The actual field-matter interaction is nonetheless governed by the wave nature of light, as described by the Maxwell equations. In agreement with the specifications of the experimental setup at the synchrotron beamline as discussed in Sect. 6, we constrain to s-polarized incidence. Starting from that coarse estimation for Δt_min and a duty cycle f = 50%, numerical rigorous coupled wave analysis (RCWA) techniques yield an optimized target thickness of ≈ 100 nm. As described in Sect. 4 and confirmed by the EUV measurements (Sect. 6), that goal is matched with an accuracy of a few nm for the fabricated film.
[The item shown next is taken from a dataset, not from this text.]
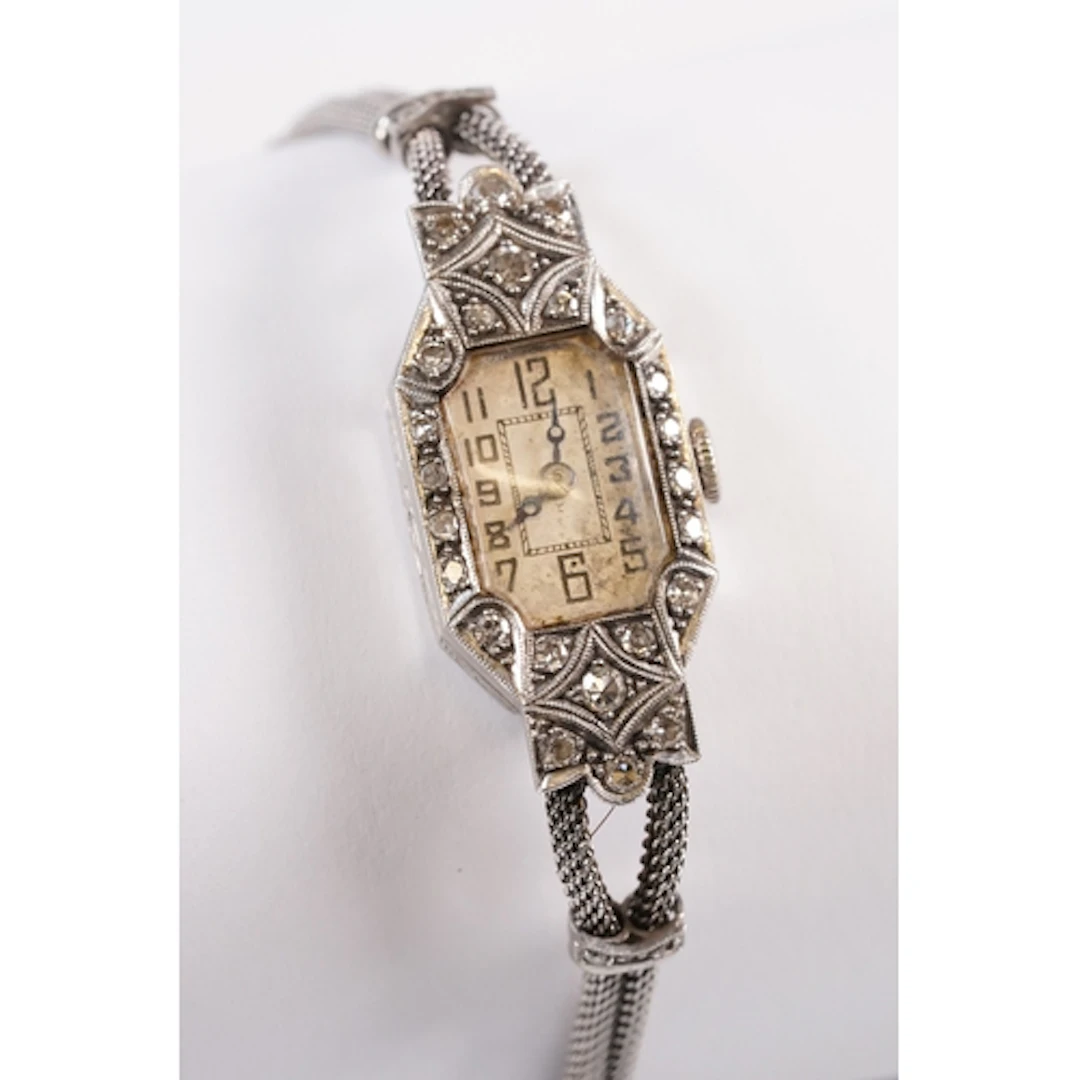 Art Deco diamond set ladies dress watch. The watch having a ...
We thus present the results here from an alternating iteration with respect to Δt and f, in terms of a best-fit algorithm to the empirical data set, in particular the incidence angle ϕ₀ = 84.77° for which the 0^th order intensity passes through its minimum. As it is shown on the left of Fig. 3, only the “lowest-order” interference reflection with a groove depth of 101 nm provides the highest (±1)^st order efficiency in each of them, accompanied by an almost vanishing 0^th order contribution. Towards multiples of this best thickness Δt_opt, near 290 nm for instance, the contrast between the (±1)^st and the 0^th order decreases, due to stronger coupling losses within the grooves. On the right of Fig. 3, the duty cycle is varied for Δt_opt within 0 ≤ f ≤ 1. Again, the highest contrast for a duty cycle of 54.8% is obtained with an efficiency of 35% in the (±1)^st order, whereas the 0^th order drops down to 3.4 × 10⁻⁴ % or less, depending on the numerical RCWA sample rate. It should be noted that an alternative design for p-polarized waves yields quite similar efficiencies in all orders, albeit for slightly shifted optimal values in groove depth and duty cycle. Typically, variations of a few nm in Δt and ∼ 1% in f arise, respectively. Such an effect is evident from the different coupling strength between the incident and the diffracted waves for s- and p-polarization [8].

 

Fig. 3 Optimization of groove depth Δt (left) and duty cycle f (right) using RCWA procedures. In each case, the complementary best-fit value is assumed for Δt and f, respectively.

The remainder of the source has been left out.